▶ **ABOUT THIS TASK**
Nothing but the lines from the one with "3N1CP5CU7KL564077 Photo# 12" through the end of the records below should be written out, and each must match word for word.
** DATA TO EXAMINE follows **
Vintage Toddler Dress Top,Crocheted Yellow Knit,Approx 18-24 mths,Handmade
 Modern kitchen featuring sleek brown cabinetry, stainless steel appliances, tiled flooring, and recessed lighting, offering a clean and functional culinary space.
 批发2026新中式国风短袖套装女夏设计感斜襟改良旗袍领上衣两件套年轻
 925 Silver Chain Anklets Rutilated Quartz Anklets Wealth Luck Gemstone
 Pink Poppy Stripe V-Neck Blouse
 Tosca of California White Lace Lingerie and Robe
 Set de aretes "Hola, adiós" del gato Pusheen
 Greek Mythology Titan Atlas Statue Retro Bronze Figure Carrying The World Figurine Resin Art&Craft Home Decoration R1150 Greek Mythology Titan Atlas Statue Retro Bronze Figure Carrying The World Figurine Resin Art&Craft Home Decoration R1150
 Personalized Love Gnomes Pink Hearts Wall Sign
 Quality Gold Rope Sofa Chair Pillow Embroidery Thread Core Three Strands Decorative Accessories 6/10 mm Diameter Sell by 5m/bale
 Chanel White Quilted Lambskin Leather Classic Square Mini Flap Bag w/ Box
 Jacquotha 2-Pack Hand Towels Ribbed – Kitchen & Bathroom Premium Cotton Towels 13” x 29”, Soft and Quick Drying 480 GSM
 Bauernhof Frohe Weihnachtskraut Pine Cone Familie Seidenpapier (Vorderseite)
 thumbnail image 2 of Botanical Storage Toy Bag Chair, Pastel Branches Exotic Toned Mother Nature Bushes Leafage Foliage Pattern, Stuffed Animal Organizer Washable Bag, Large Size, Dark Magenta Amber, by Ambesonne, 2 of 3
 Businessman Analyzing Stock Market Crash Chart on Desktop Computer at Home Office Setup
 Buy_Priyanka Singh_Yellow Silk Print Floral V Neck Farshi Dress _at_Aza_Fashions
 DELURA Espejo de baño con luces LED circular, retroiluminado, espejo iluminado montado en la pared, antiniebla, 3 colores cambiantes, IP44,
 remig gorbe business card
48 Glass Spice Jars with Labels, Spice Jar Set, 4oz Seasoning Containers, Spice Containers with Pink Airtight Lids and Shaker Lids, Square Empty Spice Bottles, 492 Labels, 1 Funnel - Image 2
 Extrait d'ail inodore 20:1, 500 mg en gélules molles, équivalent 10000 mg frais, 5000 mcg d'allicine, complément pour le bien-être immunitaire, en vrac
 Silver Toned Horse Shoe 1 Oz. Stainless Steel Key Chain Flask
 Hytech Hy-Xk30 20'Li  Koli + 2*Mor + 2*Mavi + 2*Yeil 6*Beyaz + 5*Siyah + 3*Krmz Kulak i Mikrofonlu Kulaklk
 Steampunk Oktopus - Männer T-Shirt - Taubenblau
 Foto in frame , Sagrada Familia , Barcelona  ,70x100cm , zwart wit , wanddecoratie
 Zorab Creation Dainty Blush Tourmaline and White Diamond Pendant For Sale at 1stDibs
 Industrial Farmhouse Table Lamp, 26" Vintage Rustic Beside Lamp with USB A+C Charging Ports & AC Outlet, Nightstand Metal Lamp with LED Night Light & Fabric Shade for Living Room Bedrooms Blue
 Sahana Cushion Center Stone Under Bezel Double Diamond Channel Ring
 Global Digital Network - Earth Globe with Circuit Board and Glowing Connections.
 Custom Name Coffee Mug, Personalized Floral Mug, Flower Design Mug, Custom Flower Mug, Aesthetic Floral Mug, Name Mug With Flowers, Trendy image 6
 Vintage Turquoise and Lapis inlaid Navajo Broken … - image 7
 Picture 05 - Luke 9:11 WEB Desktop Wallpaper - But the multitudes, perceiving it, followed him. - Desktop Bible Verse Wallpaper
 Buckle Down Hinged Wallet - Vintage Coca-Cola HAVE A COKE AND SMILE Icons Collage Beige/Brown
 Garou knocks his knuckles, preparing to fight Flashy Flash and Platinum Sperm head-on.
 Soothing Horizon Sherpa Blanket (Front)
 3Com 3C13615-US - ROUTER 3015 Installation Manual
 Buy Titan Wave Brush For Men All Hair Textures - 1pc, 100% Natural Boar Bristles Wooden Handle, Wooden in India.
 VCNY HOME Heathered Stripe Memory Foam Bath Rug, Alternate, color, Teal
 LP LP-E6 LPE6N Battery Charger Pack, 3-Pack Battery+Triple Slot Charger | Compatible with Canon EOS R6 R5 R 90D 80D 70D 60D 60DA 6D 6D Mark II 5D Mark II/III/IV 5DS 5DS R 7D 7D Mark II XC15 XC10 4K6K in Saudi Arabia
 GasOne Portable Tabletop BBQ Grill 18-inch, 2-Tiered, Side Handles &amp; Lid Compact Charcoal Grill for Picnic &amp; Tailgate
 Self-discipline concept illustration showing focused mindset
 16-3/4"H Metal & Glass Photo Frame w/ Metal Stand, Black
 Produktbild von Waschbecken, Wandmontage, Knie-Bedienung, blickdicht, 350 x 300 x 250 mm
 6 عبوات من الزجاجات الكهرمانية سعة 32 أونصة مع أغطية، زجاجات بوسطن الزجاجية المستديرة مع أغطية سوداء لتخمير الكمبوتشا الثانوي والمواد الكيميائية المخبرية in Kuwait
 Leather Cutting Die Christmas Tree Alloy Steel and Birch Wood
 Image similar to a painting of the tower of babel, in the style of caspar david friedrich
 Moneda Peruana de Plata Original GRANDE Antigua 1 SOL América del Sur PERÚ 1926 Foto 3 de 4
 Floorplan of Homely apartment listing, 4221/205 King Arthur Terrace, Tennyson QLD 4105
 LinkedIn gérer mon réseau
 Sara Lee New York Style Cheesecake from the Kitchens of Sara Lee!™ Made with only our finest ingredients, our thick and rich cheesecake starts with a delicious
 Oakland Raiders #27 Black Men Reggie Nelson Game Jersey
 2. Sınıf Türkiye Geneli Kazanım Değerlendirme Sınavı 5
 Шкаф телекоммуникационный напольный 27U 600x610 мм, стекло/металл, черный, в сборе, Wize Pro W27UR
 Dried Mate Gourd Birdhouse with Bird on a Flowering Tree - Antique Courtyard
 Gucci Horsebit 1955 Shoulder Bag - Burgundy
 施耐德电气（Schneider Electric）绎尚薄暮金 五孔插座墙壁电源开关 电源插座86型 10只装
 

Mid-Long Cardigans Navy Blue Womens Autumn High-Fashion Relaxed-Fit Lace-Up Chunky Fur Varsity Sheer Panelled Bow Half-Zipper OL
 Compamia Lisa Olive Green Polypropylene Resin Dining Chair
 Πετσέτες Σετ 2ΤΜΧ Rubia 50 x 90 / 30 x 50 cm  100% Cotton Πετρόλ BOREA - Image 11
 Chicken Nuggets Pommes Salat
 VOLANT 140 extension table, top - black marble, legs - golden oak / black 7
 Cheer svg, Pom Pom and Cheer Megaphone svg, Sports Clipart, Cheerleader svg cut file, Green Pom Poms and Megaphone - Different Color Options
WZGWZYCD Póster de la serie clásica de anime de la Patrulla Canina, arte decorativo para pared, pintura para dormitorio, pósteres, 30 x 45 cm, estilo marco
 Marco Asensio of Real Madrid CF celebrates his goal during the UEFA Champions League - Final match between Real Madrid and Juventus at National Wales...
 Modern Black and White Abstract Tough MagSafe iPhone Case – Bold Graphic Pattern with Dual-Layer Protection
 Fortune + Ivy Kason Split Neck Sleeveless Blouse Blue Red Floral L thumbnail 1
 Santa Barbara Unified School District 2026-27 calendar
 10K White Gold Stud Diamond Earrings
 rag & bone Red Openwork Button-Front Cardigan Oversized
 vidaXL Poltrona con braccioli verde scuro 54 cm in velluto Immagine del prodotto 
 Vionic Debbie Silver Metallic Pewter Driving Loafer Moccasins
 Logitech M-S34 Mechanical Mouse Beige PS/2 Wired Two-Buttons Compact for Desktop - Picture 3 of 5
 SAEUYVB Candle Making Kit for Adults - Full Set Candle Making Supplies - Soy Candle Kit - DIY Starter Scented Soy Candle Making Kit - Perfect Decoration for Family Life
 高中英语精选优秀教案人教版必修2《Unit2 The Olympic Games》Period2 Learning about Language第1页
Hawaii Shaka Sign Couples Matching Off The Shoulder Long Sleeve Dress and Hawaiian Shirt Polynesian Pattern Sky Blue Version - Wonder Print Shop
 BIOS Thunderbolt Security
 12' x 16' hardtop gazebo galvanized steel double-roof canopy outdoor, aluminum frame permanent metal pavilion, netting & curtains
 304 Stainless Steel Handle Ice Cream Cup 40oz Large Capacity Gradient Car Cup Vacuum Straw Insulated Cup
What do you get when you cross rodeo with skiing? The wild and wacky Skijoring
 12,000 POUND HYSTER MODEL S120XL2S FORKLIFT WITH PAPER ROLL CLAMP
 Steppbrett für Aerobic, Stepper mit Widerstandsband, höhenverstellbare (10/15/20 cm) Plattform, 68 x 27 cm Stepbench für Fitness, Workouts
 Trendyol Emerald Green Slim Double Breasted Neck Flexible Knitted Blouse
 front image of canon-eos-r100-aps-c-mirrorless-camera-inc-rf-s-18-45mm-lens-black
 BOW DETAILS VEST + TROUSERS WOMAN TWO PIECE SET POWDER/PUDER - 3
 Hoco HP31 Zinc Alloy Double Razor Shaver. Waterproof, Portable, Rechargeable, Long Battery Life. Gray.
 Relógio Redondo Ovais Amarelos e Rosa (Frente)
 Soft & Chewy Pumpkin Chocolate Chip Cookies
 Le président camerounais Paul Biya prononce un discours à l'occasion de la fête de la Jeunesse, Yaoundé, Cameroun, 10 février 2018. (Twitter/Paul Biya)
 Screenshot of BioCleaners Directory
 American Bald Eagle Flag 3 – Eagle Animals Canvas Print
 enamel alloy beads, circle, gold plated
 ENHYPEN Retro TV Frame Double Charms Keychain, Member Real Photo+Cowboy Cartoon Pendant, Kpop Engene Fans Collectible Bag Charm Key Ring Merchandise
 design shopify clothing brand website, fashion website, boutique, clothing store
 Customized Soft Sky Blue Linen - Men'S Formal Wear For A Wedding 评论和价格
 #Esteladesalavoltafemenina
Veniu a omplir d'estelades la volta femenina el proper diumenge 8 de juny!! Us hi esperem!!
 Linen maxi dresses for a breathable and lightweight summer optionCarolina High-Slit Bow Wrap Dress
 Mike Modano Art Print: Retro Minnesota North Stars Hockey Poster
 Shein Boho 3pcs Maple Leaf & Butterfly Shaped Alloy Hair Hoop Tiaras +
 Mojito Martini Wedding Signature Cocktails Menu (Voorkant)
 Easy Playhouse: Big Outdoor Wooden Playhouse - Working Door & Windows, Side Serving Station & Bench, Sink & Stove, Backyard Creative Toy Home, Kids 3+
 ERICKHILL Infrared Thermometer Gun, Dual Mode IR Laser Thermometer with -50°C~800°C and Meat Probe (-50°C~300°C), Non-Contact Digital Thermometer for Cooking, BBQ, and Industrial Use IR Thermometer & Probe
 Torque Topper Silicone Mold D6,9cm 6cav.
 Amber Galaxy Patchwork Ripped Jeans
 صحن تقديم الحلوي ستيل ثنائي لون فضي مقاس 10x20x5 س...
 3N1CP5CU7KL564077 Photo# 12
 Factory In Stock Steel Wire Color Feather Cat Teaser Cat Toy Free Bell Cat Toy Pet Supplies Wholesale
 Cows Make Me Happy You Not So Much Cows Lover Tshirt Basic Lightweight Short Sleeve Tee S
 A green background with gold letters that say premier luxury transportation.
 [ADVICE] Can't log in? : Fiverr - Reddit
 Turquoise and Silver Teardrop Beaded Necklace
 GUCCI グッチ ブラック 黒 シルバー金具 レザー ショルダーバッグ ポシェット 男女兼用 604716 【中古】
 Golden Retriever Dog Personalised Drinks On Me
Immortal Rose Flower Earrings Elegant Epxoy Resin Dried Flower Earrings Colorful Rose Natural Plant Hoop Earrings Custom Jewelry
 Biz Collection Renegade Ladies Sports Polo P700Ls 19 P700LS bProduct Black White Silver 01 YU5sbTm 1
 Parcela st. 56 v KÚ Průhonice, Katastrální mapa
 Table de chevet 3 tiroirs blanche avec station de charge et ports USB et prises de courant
** End of DATA TO EXAMINE **
▶ **EXERCISE RESPONSE**
 3N1CP5CU7KL564077 Photo# 12
 Factory In Stock Steel Wire Color Feather Cat Teaser Cat Toy Free Bell Cat Toy Pet Supplies Wholesale
 Cows Make Me Happy You Not So Much Cows Lover Tshirt Basic Lightweight Short Sleeve Tee S
 A green background with gold letters that say premier luxury transportation.
 [ADVICE] Can't log in? : Fiverr - Reddit
 Turquoise and Silver Teardrop Beaded Necklace
 GUCCI グッチ ブラック 黒 シルバー金具 レザー ショルダーバッグ ポシェット 男女兼用 604716 【中古】
 Golden Retriever Dog Personalised Drinks On Me
Immortal Rose Flower Earrings Elegant Epxoy Resin Dried Flower Earrings Colorful Rose Natural Plant Hoop Earrings Custom Jewelry
 Biz Collection Renegade Ladies Sports Polo P700Ls 19 P700LS bProduct Black White Silver 01 YU5sbTm 1
 Parcela st. 56 v KÚ Průhonice, Katastrální mapa
 Table de chevet 3 tiroirs blanche avec station de charge et ports USB et prises de courant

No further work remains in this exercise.